> REQUIRED ACTION
In the records that follow, find the line with "Accent & End"; from there, retype every line exactly through the line with "Sora2 AI动漫创作实战", which also belongs to the answer.

RECORD EXTRACTS Start Marker

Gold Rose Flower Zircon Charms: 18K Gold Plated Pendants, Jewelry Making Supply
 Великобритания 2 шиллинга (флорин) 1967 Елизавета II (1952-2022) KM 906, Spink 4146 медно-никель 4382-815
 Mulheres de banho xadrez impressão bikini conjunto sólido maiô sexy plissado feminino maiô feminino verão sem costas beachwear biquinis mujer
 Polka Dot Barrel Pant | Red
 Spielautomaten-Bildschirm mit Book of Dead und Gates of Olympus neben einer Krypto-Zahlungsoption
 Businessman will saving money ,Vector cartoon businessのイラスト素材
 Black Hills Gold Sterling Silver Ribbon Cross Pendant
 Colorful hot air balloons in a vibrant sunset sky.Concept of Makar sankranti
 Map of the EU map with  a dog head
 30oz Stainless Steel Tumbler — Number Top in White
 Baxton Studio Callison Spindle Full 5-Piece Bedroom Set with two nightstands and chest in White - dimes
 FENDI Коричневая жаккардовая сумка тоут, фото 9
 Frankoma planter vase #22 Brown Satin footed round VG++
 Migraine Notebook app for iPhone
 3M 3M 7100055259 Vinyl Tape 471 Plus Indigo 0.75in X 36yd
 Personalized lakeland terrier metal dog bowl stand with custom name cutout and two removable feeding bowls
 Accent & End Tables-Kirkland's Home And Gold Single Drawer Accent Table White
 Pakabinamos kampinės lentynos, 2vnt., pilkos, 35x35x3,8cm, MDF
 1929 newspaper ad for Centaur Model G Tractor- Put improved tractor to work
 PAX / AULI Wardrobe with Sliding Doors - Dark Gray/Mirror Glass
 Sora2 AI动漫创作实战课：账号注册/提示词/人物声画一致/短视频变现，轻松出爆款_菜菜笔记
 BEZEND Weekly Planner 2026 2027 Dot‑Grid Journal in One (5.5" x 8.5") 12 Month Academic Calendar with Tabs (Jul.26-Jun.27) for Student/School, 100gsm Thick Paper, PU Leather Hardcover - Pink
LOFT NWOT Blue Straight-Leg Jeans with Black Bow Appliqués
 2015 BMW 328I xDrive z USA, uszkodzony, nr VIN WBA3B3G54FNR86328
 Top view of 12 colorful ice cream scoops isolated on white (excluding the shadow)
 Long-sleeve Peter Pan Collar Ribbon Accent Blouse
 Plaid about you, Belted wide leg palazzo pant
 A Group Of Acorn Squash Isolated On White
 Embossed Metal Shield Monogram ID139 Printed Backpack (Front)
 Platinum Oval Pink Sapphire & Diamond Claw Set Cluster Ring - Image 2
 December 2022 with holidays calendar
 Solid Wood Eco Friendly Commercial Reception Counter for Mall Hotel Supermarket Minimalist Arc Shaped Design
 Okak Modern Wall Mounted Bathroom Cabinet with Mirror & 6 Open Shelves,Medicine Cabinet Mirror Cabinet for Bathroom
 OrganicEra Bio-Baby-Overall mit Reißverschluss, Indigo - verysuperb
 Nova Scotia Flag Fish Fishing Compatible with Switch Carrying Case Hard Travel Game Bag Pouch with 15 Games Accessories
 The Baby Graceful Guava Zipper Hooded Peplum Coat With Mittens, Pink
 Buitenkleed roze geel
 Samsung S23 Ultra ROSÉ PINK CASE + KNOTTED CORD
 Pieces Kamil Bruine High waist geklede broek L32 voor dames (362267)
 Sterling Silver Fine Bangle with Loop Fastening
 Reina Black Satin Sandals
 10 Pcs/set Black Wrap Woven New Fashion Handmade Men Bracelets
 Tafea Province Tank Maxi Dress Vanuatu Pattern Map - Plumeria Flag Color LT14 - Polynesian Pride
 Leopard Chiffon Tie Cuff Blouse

RECORD EXTRACTS End Marker

> RESPONSE TO THE TASK
 Accent & End Tables-Kirkland's Home And Gold Single Drawer Accent Table White
 Pakabinamos kampinės lentynos, 2vnt., pilkos, 35x35x3,8cm, MDF
 1929 newspaper ad for Centaur Model G Tractor- Put improved tractor to work
 PAX / AULI Wardrobe with Sliding Doors - Dark Gray/Mirror Glass
 Sora2 AI动漫创作实战课：账号注册/提示词/人物声画一致/短视频变现，轻松出爆款_菜菜笔记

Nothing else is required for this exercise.